WHAT THE TASK ASKS: Retype the data that follows line by line, exactly, and leave its pictures out.

RECORDED DATA:
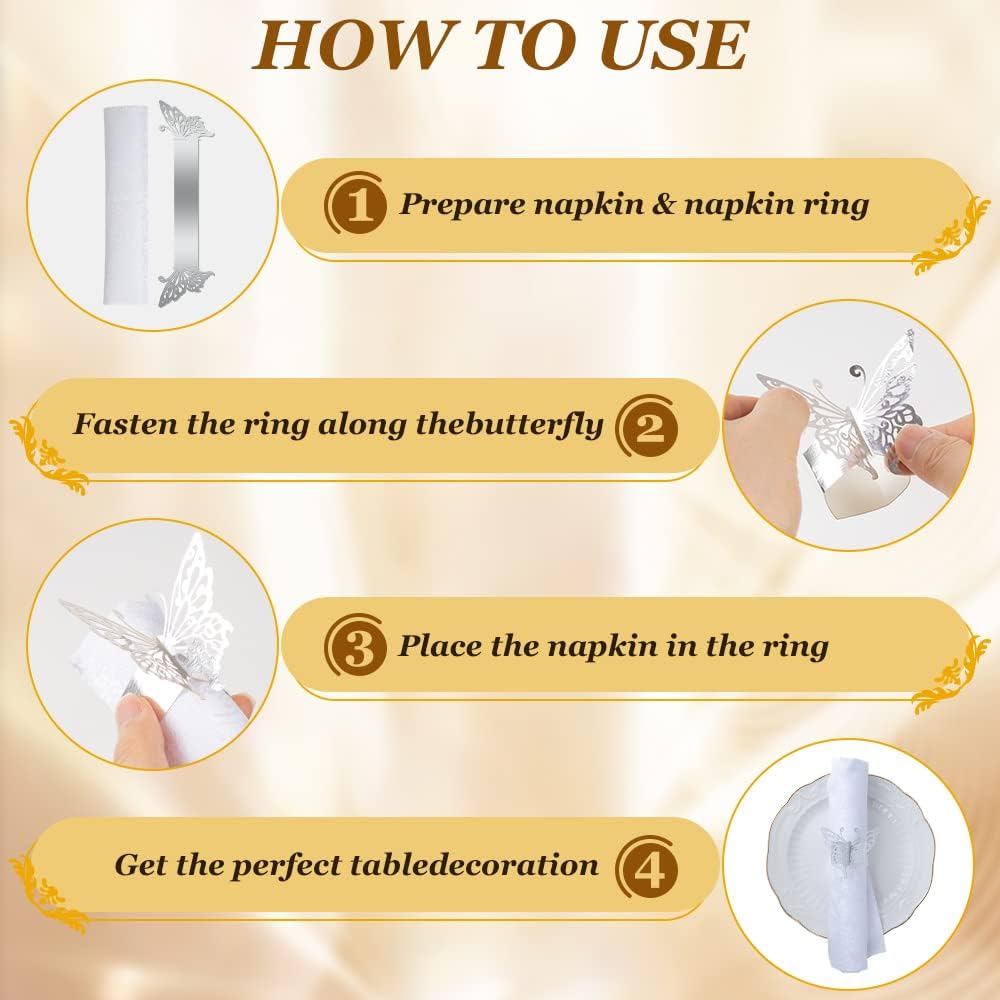 150PCS Butterfly Napkin Rings for Luxury Banquet Style, Reusable Paper Napkin Holders for Wedding Banquet Dinner Table Decor, and Catering Party Services (Silver)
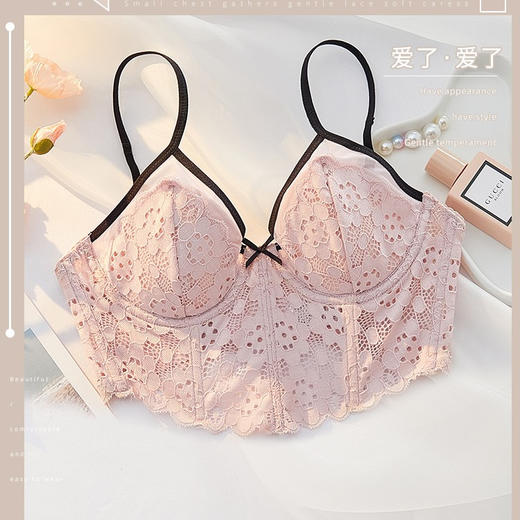 【五根软鱼骨，塑形无勒感！】法式超薄内衣女大胸显小胸 夏季薄款收副乳防下垂套装 细肩吊带文胸-QA 商品图5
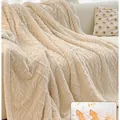 Couverture en velours crème épaisse d'hiver avec motifs torsadés et losanges texturés - Couverture Bébé-70x100cm / Blanc Cassé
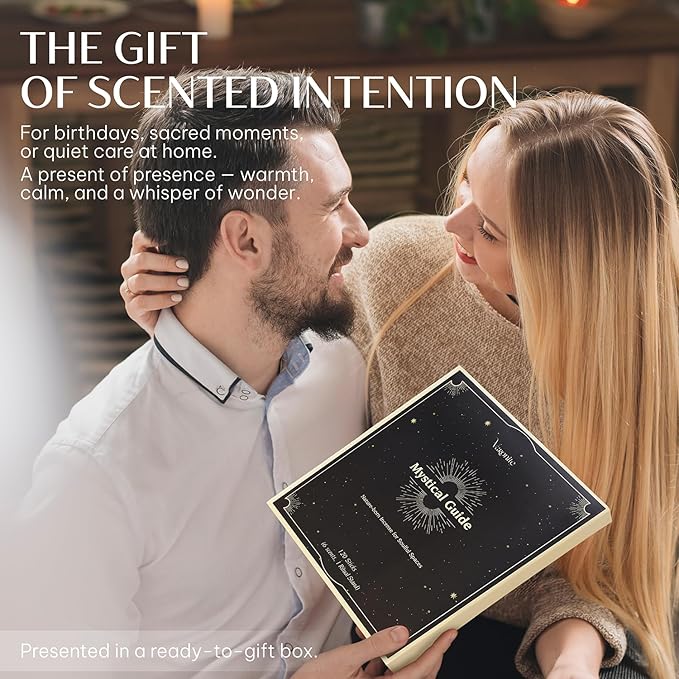 Mystical Guide Incense Sticks Variety Pack of 6 (120 Insence-Sticks) with Holder: Patchouli, Lavender, Sandalwood, Cinnamon, Lemongrass, Sage Inscents-Stick, Organic Incense Stick Non Toxic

RESULT OF THE TASK:
 150PCS Butterfly Napkin Rings for Luxury Banquet Style, Reusable Paper Napkin Holders for Wedding Banquet Dinner Table Decor, and Catering Party Services (Silver)
 【五根软鱼骨，塑形无勒感！】法式超薄内衣女大胸显小胸 夏季薄款收副乳防下垂套装 细肩吊带文胸-QA 商品图5
 Couverture en velours crème épaisse d'hiver avec motifs torsadés et losanges texturés - Couverture Bébé-70x100cm / Blanc Cassé
 Mystical Guide Incense Sticks Variety Pack of 6 (120 Insence-Sticks) with Holder: Patchouli, Lavender, Sandalwood, Cinnamon, Lemongrass, Sage Inscents-Stick, Organic Incense Stick Non Toxic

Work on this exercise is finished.